Intro
In short this document’s goal is to help us BE CONSISTENT.
The point of having style guidelines is to have a common vocabulary of coding so people can concentrate on what you’re saying rather than on how you’re saying it. We present global style rules here so people know the vocabulary, but local style is also important. If code you add to a file looks drastically different from the existing code around it, it throws readers out of their rhythm when they go to read it. Avoid this.
Principals
It is important to note the development philosophies and tid-bits that drive the quality of code we write. Below we detail a few of the guiding principles we use to ensure our code quality is consistent and uniform across all our products.
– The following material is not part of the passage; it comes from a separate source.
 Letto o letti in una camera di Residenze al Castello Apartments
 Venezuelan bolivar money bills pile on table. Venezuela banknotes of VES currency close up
On the topic of who we are writing code for:
Any fool can write code that a computer can understand. Good programmers write code that humans can understand.
— Kent Beck, Refactoring: Improving the Design of Existing Code
On the topic of writing replaceable code:
Don’t make software “maintainable” or “extensible”; make it replaceable. Instead of wasting time trying to predict a future that will never happen, design software parts to be easily replaceable…
Andy’s Law of Design: If you can’t rip every piece out easily, then the design sucks.
— Andy Hunt, The Four Keys to Rapid Response Software Development
Although the name of the talk sounds a bit like clickbait, Kevlin Henney’s - Seven Ineffective Coding Habits of Many Programmers is a tremendous light-hearted talk about practical and readability-oriented code structure. I highly recommend that you give a quick listen to this talk to hear a typically uncommon perspective on the overall design of code and how developers interact with it. I’m hoping it will inspire us to be a bit more considerate to the developers who come after us.